(Source records)
******************************
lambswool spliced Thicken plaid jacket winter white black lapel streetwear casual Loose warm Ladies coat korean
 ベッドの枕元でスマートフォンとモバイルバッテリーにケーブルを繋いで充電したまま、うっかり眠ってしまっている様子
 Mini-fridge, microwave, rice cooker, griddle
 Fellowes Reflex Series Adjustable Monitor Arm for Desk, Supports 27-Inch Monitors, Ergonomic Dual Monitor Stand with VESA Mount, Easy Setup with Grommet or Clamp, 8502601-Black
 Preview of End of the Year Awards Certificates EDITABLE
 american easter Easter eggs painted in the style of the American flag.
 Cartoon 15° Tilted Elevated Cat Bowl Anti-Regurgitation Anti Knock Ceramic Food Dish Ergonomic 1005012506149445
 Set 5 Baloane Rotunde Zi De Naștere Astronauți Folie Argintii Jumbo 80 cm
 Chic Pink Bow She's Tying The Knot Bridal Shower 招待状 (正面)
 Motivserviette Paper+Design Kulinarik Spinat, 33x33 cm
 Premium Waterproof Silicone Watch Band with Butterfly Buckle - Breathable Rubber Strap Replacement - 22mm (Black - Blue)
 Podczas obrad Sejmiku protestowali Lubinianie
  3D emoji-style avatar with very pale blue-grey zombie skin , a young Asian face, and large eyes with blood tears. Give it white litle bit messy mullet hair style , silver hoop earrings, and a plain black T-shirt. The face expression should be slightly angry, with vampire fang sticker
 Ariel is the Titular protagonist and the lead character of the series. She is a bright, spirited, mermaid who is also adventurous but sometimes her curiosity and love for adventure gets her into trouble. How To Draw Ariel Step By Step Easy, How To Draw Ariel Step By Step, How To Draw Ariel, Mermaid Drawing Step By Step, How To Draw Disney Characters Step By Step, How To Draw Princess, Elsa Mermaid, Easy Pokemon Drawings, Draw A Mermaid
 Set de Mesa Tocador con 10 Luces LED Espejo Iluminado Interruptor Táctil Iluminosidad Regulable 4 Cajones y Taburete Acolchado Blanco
******************************
Instructions to follow – Which of the lines above carry the string "Easy"? Pick them out and copy them.

Task result –
 Fellowes Reflex Series Adjustable Monitor Arm for Desk, Supports 27-Inch Monitors, Ergonomic Dual Monitor Stand with VESA Mount, Easy Setup with Grommet or Clamp, 8502601-Black
 Ariel is the Titular protagonist and the lead character of the series. She is a bright, spirited, mermaid who is also adventurous but sometimes her curiosity and love for adventure gets her into trouble. How To Draw Ariel Step By Step Easy, How To Draw Ariel Step By Step, How To Draw Ariel, Mermaid Drawing Step By Step, How To Draw Disney Characters Step By Step, How To Draw Princess, Elsa Mermaid, Easy Pokemon Drawings, Draw A Mermaid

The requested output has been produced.